## What to do
Copy, with no pictures, the line that contains "Optimus Prime artwork" and each line after it down to the end of the entries below, exactly.

++++ Records for processing ++++

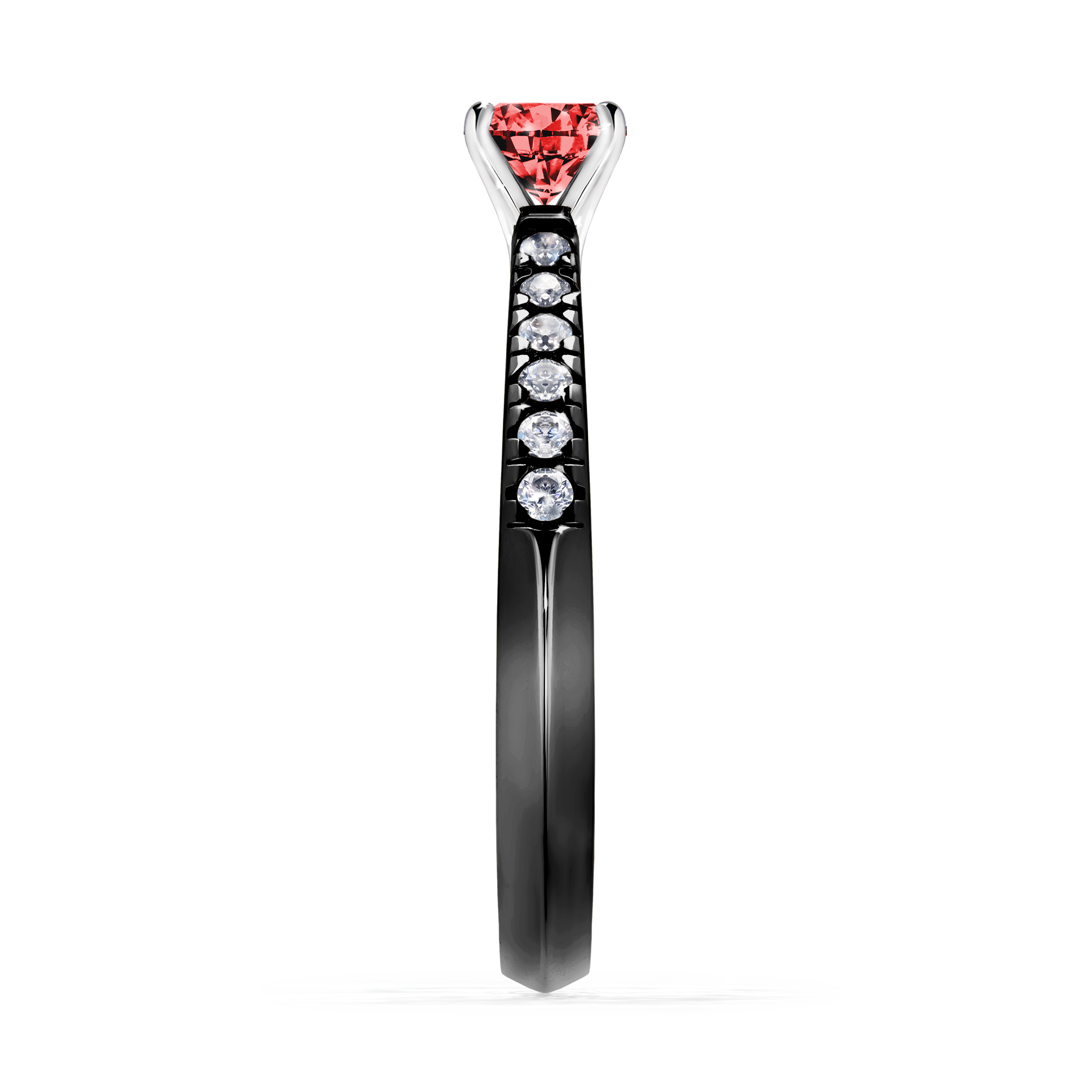 Pierścionek zaręczynowy My Sunshine z czarnego złota z czerwonym diamentem 0,39CT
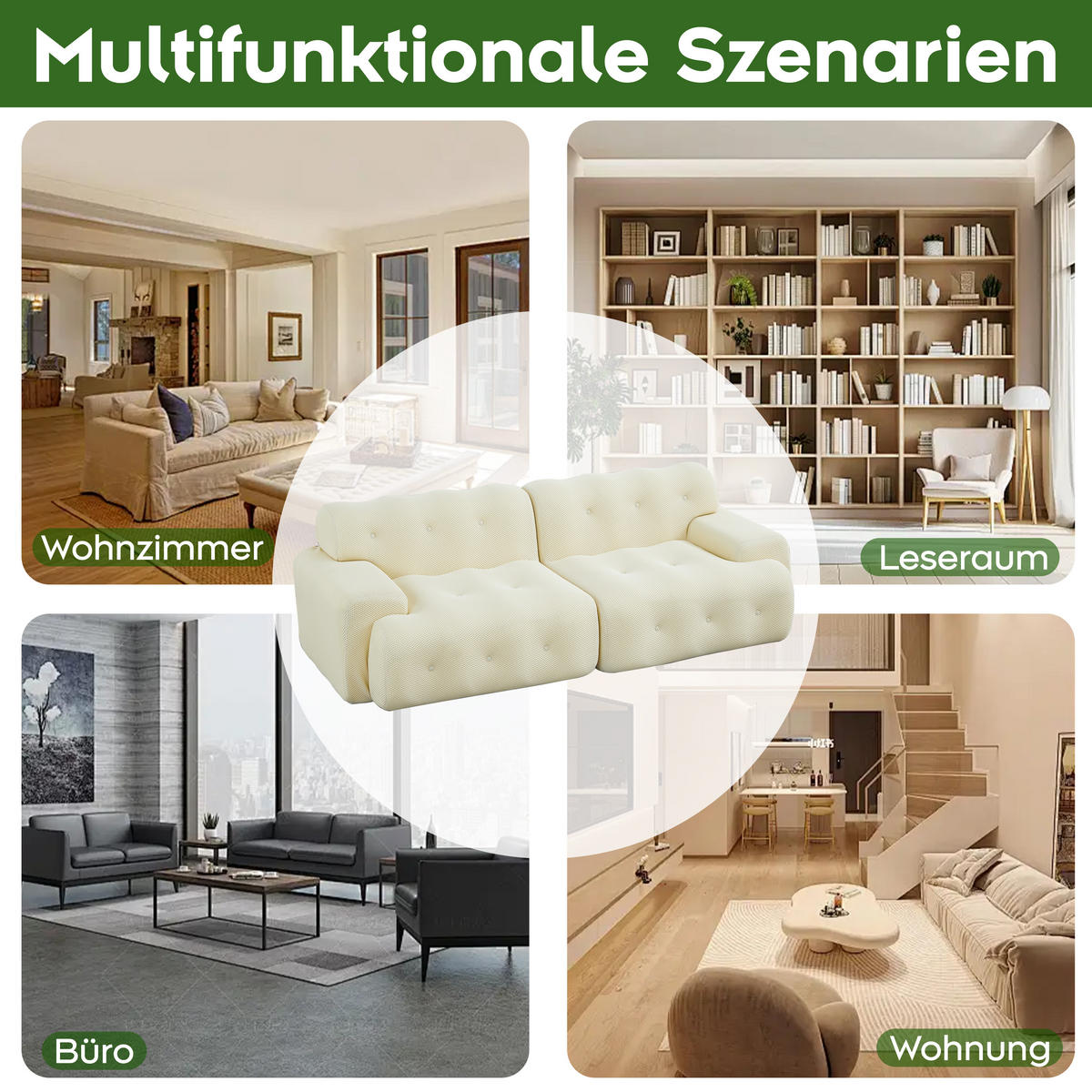 2-SITZER SOFA Beige mit Armlehnen und Knopfverzierung - Beige, Textil (224/66/104cm) - WISHDOR
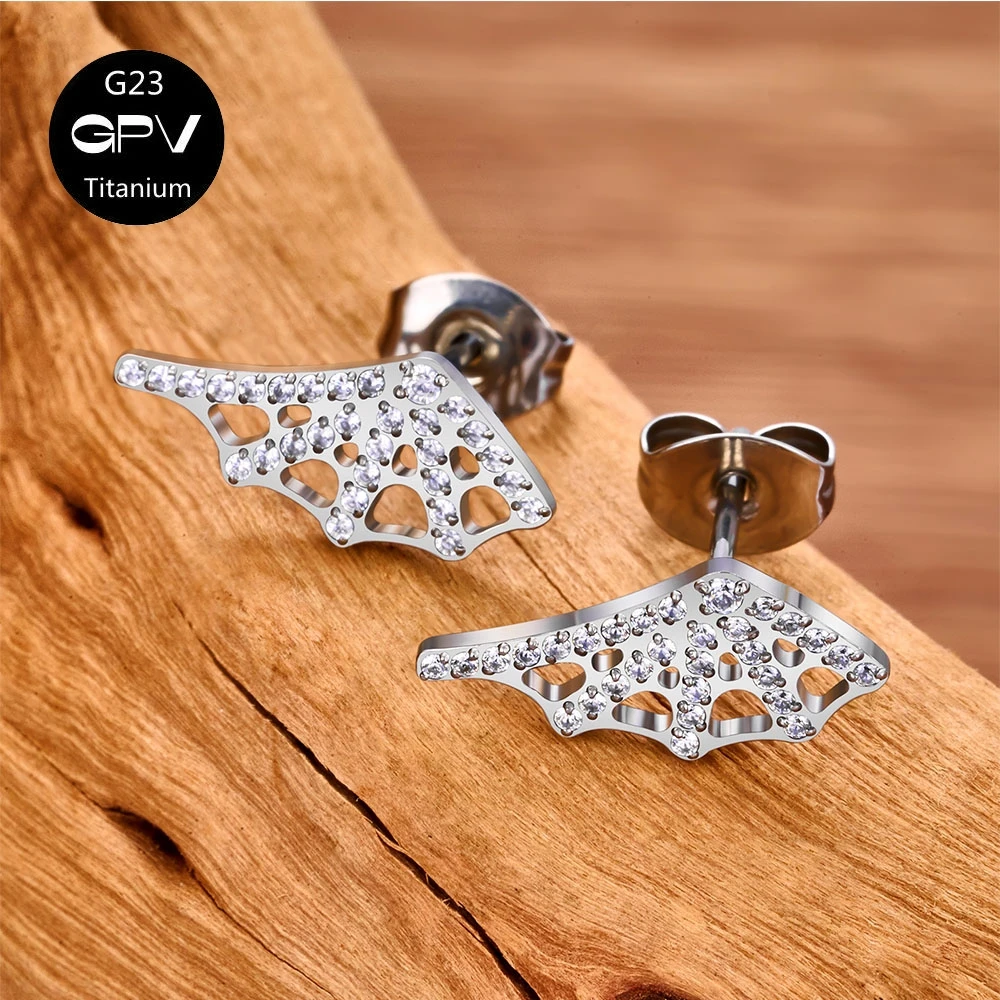 Wholesale ASTM G23 Titanium Earrings With Butterfly Buckle Luxury ZC Spider Web Fan Perforated Jewelry Ear Bone Studs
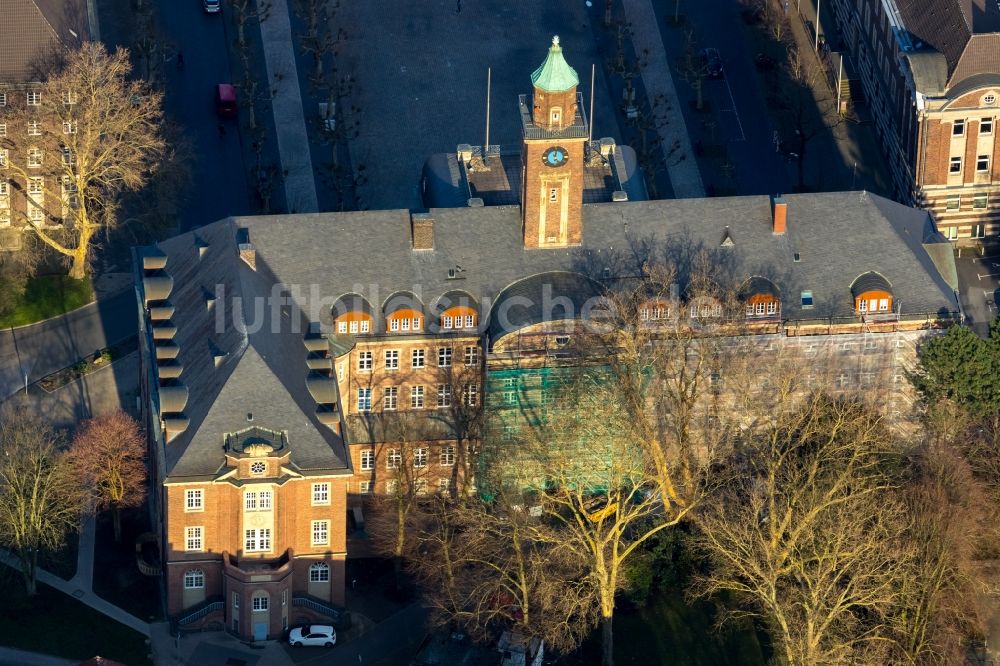 Luftbild Herne - Sanierung der Gebäude der Stadtverwaltung - Rathaus in Herne im Bundesland Nordrhein-Westfalen, Deutschland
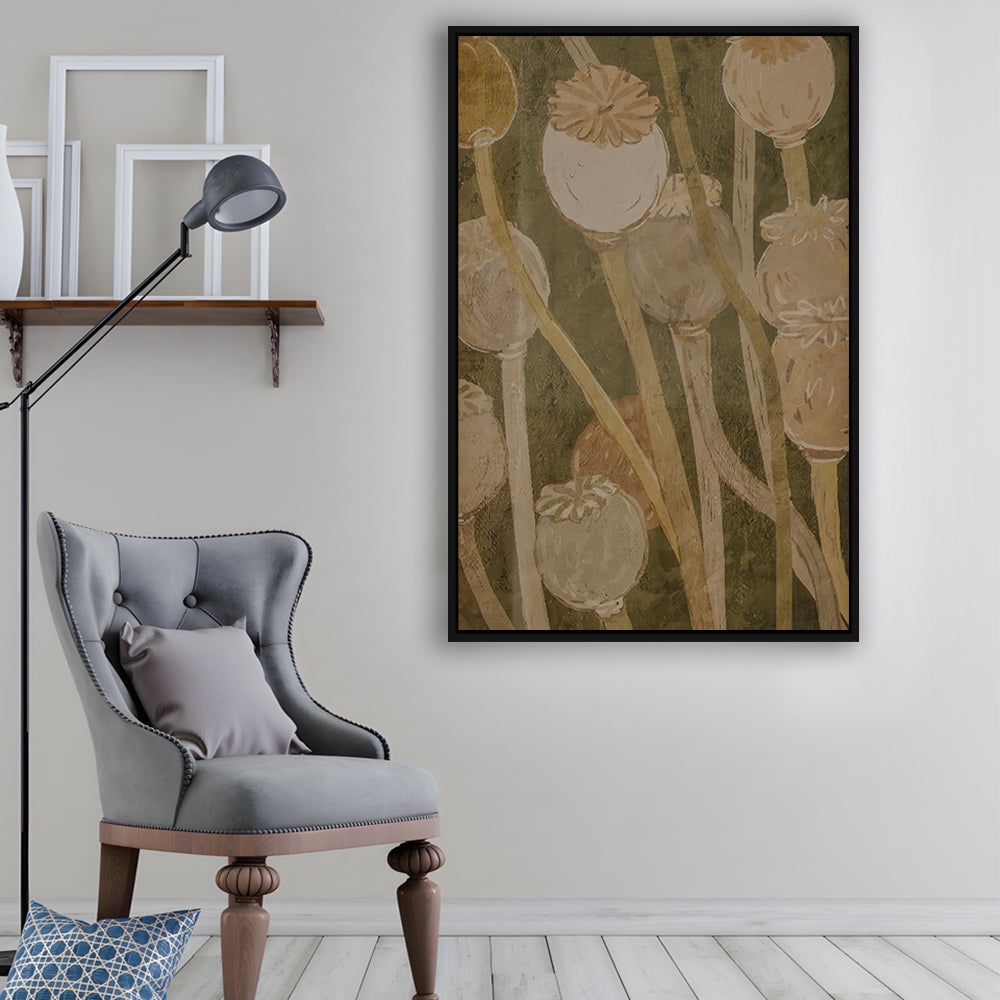 Neutral Abstract Floral Oil Painting Muted Botanical Framed Canvas Print Wall Art, Gallery Framed Canvas Print Wall Art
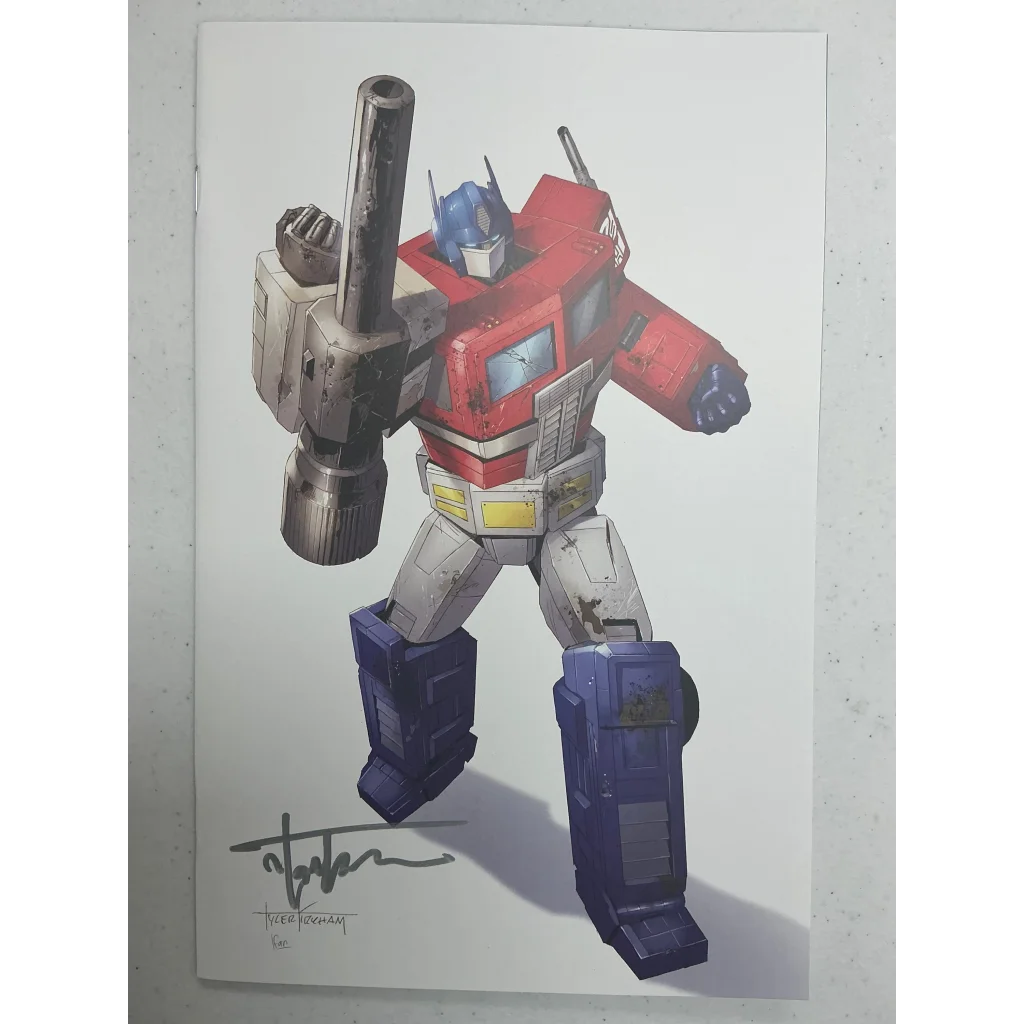 Optimus Prime artwork by Tyler Kirkham from Virgin Transformers Comic with blaster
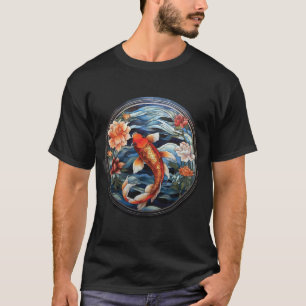 Stained Glass Asian Style Koi Fish and Camellias T-Shirt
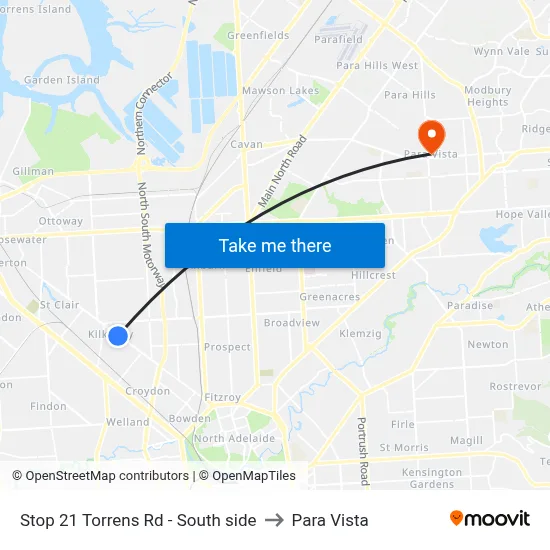 Stop 21 Torrens Rd - South side to Para Vista map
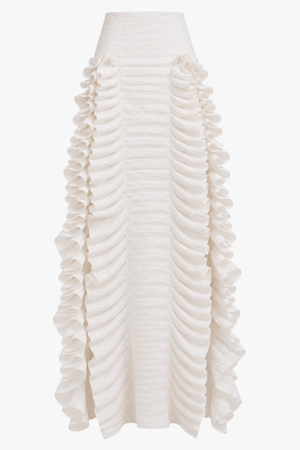 Laminary Ruffle Panel Slit Skirt | Off White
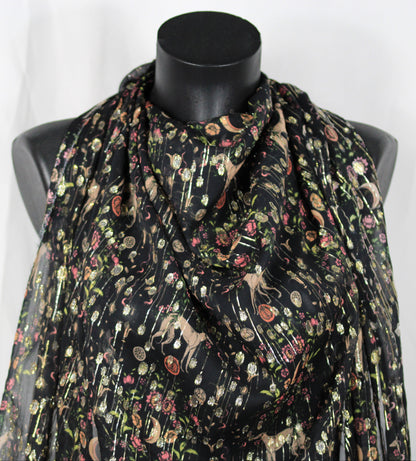 Tissu mousseline de soie et lurex - imprimé fleur et lévrier - ton noir et doré - photo 4/4 | So Tissus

++++

## Response to this exercise
 Optimus Prime artwork by Tyler Kirkham from Virgin Transformers Comic with blaster
 Stained Glass Asian Style Koi Fish and Camellias T-Shirt
 Stop 21 Torrens Rd - South side to Para Vista map
 Laminary Ruffle Panel Slit Skirt | Off White
 Tissu mousseline de soie et lurex - imprimé fleur et lévrier - ton noir et doré - photo 4/4 | So Tissus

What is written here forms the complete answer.